DE MIS MEMORIAS...
Aún recuerdo la primera vez que realmente te vi. No me refiero a un simple cruce de miradas, sino al momento en que, por fin, presté atención de verdad a tu presencia. Antes, cada encuentro me encontraba tenso, incómodo, como si aquellos lugares me obligaran a estar a la defensiva. Pero esa noche fue diferente: estaba relajado, abierto, dispuesto a mirar y a dejarme sorprender.
Y entonces estabas tú.
Te descubrí pequeña, graciosa, con una fuerza silenciosa que contrastaba con tu apariencia sencilla. Llevabas un pantalón, el cabello recogido en un moño, sin maquillaje, pero con una sonrisa amplia y auténtica. Tus ojos, un poco somnolientos quizá, brillaban con una luz propia. Esa imagen me atrapó. Era real, sin adornos, sin artificios. Supe de inmediato que, al día siguiente, al verte de nuevo, encontraría exactamente lo mismo.

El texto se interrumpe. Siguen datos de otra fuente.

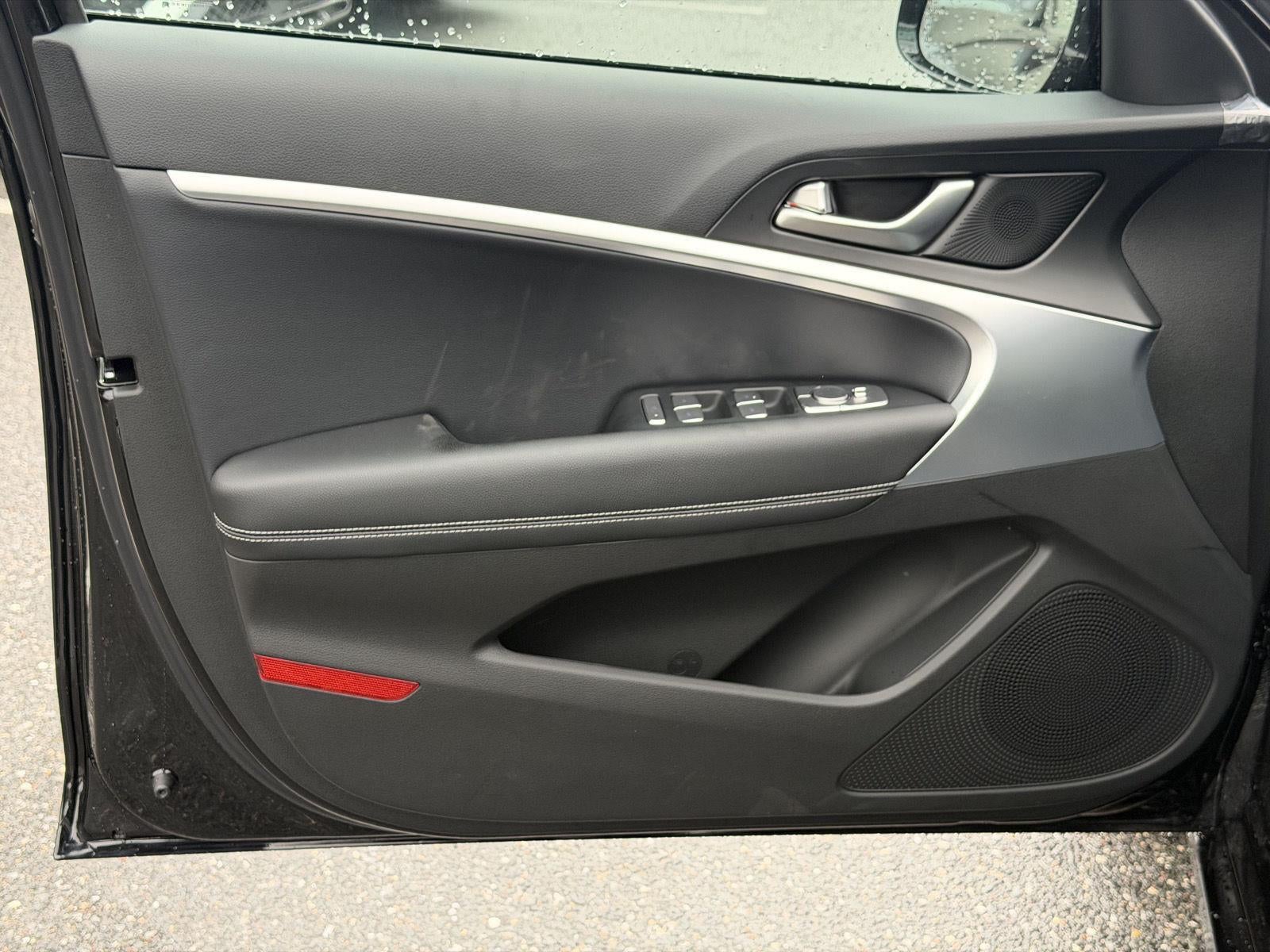 2027 Genesis G70 2.5T
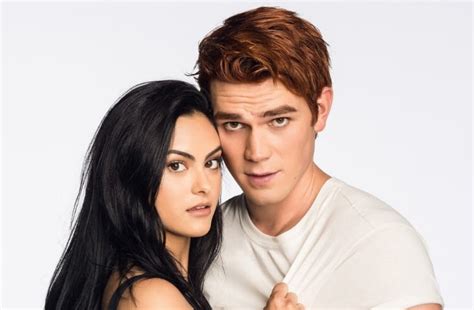 Please get ready for kj apa the papa. KJ Apa e Camila Mendes: baci a prova di Coronavirus (VIDEO)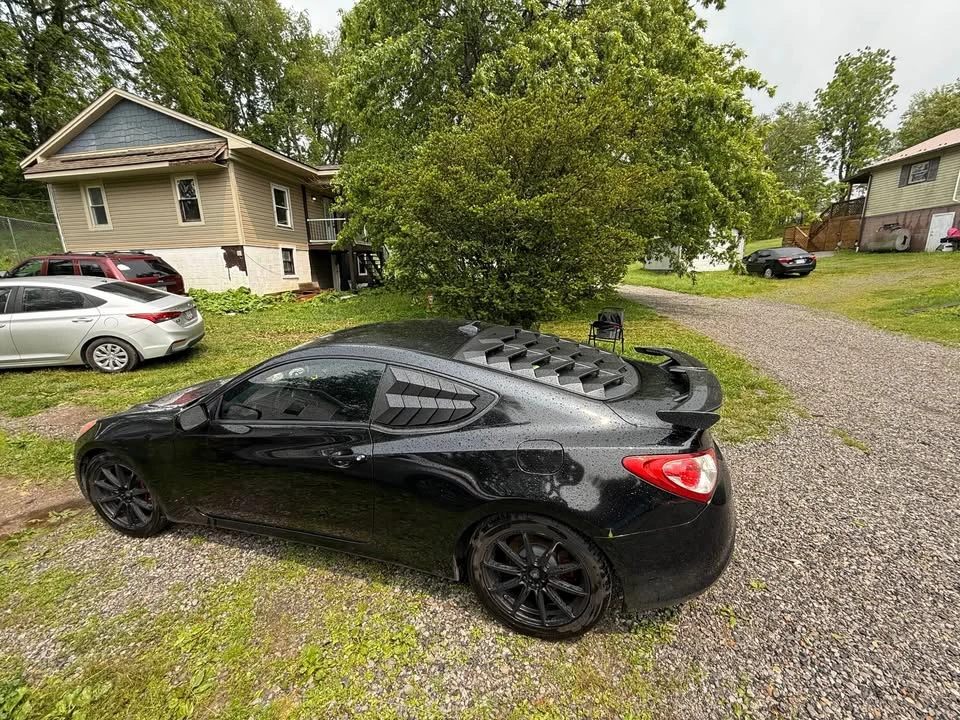 2010 Hyundai Genesis Coupe - Image 5 of 7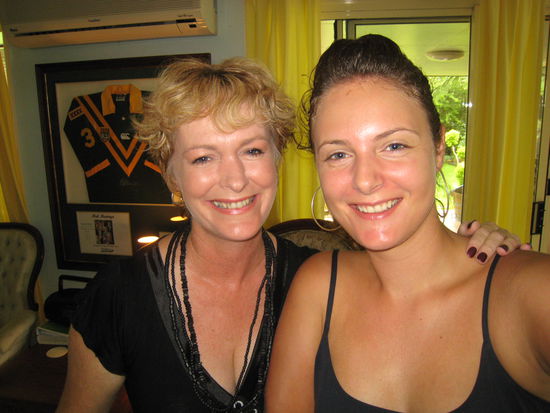 Ich und Leonie! Und ja ich habe zugenommen, bin aber jetzt auf strikter Diaet!! 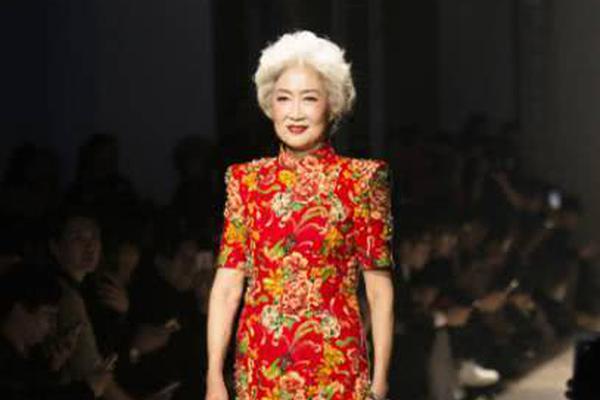 Florist delivers free flowers to hospital patients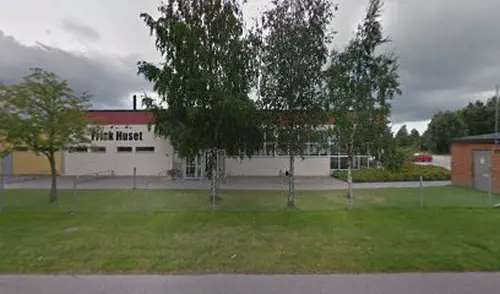 Vår träning på Friskis &amp; SvettisMänniskan är gjord för rörelse, vi mår bra när vi rör på oss.Vad är du sugen på att träna idag?​Det finns många skäl till att träna. Vi tycker att träning ska kännas lustfyllt, så att ha kul är ett gott skäl till att träna. Du får mer energi. Du får en härligare känsla i kroppen.Träna hos oss kan du göra på många olika sättKika in här och hitta träningen som passar dig bäst. Eller utmana dig och träna något nytt.&nbsp;ÅldersgränserPå några av våra träningsformer har vi särskilda åldersgränser2-6 år på Familjejympa7-12 år på all gruppträning utan redskap tillsammans med förälder/vuxen.10 år på träning i gymmet tillsammans med förälder/vuxen13 år på all typ av träningSpinningKonditionsträningen som är både svettig &amp; energifylld - på spincykelDu tränar på en spincykel, där det är du själv som väljer och reglerar motståndet.Du bestämmer hur lätt eller utmanande det blir för dig.&nbsp;Ledaren guidar genom passet och peppar dig igenom de&nbsp;tre olika positioner som ett spinpass innehåller: en sittande och två stående.Allt för att variera träningseffekten.&nbsp;Spinning ger dig effektiv konditionsträning som ger varierande träningseffekter: snabbhet, uthållighet och styrka.Indoor walkingFlowig träning på crosstrainer. Indoor walking (IW) är effektiv konditionsträning på crosstrainer, en så kallad walker. På köpet utmanar du din bålstabilitet och balans.&nbsp;Rörelsemönstret på en Crosstrainer/walker liknar löpning och skidåkning.Hela kroppen engageras och känslan är skönt flowingEn schysst bonus är att träningen är skonsam för lederna, oavsett om du väljer att ta det lugnt eller utmana dig ordentligt.&nbsp;Första gången? För att träna IW är det bra om du är minst 150 cm lång på grund av walkerns storlek och avstånd mellan trampor och stavar.Här hittar du fler Friskis &amp; Svettis i GöteborgFriskis&amp;Svettis Västra hamngatanFriskis&amp;Svettis MajornaFriskisSvettisFriskis&amp;Svettis KvillebäckenFriskis&amp;Svettis ValhallaFriskis&amp;Svettis GårdaFriskis&amp;Svettis JohannebergFriskis&amp; Svettis FrölundaVarmt välkommen till Göteborgs främsta träningsanläggningar med gymutrustning från de världsledande varumärkena Technogym, Life Fitness, Precor, Cybex!Kolla ditt gym på alla bolagKöp Kosttillskott &amp; TräningskläderIndoor walking hemma?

Sin embargo, como tantas veces en mi vida, la timidez me ganó. Ya era casi medianoche y tenía que marchar. La distancia, el metro, la rutina: todo me obligaba a despedirme cuando lo único que quería era quedarme. Con un nudo en el pecho me levanté, decidido a no irme sin antes atreverme a algo más.
Me acerqué y, con voz firme pero con el corazón acelerado, te dije:
—¿Bailas conmigo? Será la última. Tengo que irme, es tarde y vivo lejos.
Tus labios se curvaron en una sonrisa enorme, y en tus ojos brilló un destello que aún guardo en la memoria. Con esa naturalidad tuya que desarma, respondiste:
—Sí, claro.
En ese instante el tiempo dejó de pesar. Bailar contigo fue la manera más hermosa de detener mi partida, aunque fuera solo por una canción más.